***** INPUT DATA *****

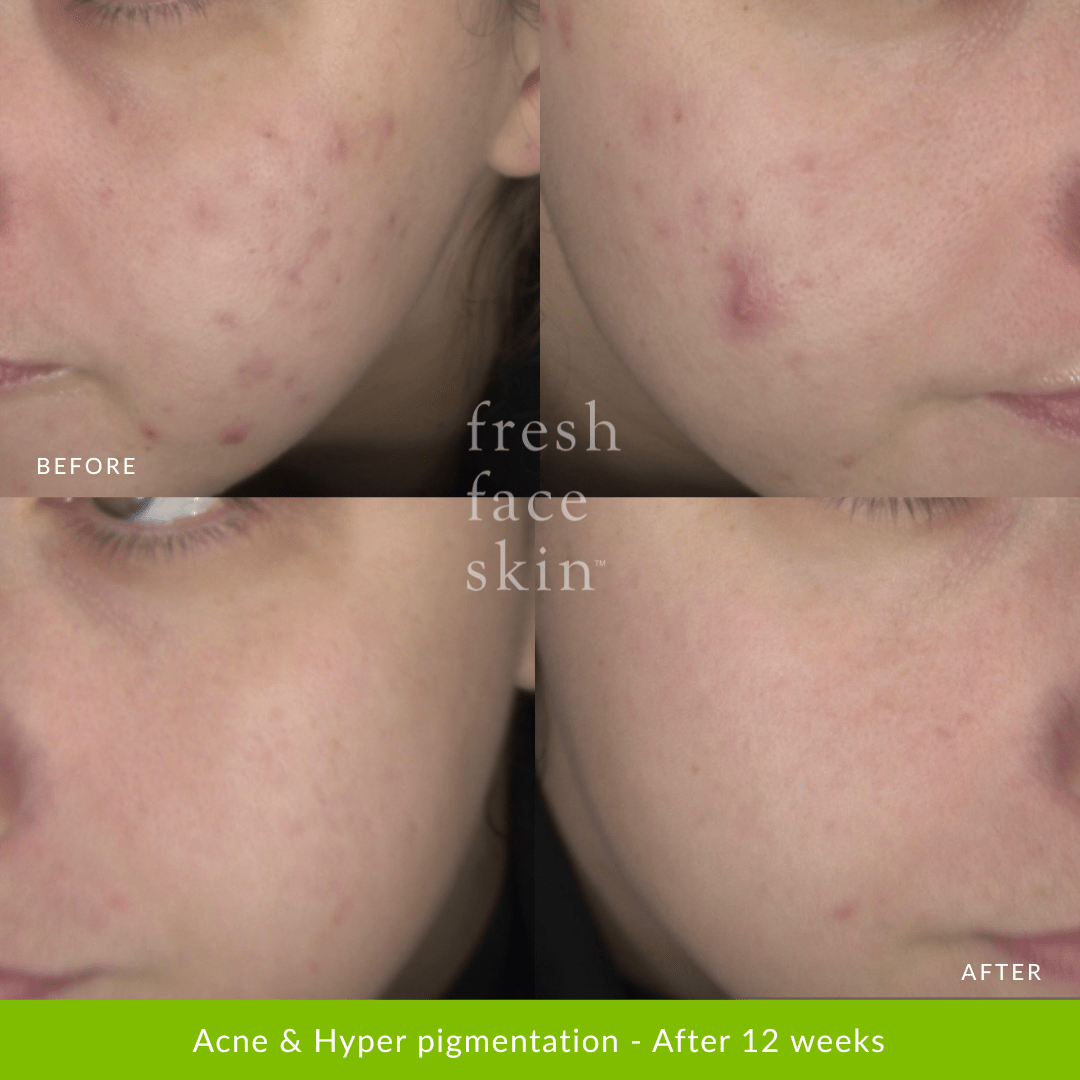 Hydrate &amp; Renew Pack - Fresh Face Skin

*****
***** INPUT DATA *****

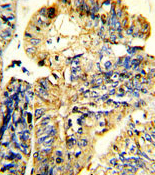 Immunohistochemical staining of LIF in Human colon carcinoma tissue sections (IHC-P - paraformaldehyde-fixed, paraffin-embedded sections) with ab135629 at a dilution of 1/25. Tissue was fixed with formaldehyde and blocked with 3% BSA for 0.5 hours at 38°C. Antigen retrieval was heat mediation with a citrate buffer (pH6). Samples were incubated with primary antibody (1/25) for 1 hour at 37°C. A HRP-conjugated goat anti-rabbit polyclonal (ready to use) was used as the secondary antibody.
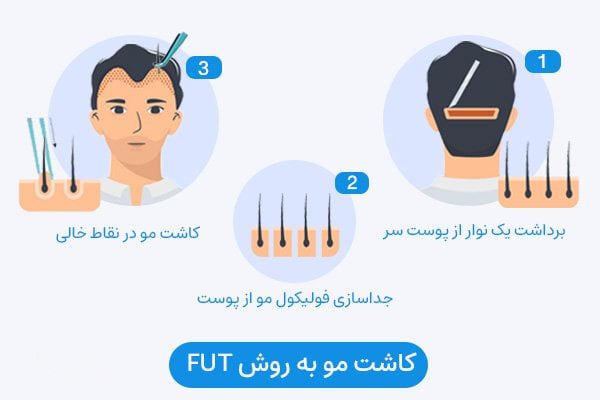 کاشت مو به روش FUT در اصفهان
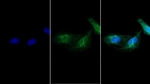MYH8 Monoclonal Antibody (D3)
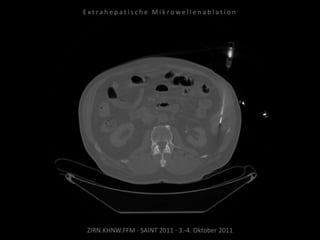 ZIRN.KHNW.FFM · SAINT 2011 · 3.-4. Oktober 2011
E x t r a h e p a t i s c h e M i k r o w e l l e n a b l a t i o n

*****

→ **WORK REQUIRED**
Using the data above, give again exactly the lines starting at the one holding "Immunohistochemical staining of" and ending at the one holding "E x t r a h", inclusive, and nothing more. Omit the pictures.

→ **RESPONSE TO THIS EXERCISE**
 Immunohistochemical staining of LIF in Human colon carcinoma tissue sections (IHC-P - paraformaldehyde-fixed, paraffin-embedded sections) with ab135629 at a dilution of 1/25. Tissue was fixed with formaldehyde and blocked with 3% BSA for 0.5 hours at 38°C. Antigen retrieval was heat mediation with a citrate buffer (pH6). Samples were incubated with primary antibody (1/25) for 1 hour at 37°C. A HRP-conjugated goat anti-rabbit polyclonal (ready to use) was used as the secondary antibody.
 کاشت مو به روش FUT در اصفهان
MYH8 Monoclonal Antibody (D3)
 ZIRN.KHNW.FFM · SAINT 2011 · 3.-4. Oktober 2011
E x t r a h e p a t i s c h e M i k r o w e l l e n a b l a t i o n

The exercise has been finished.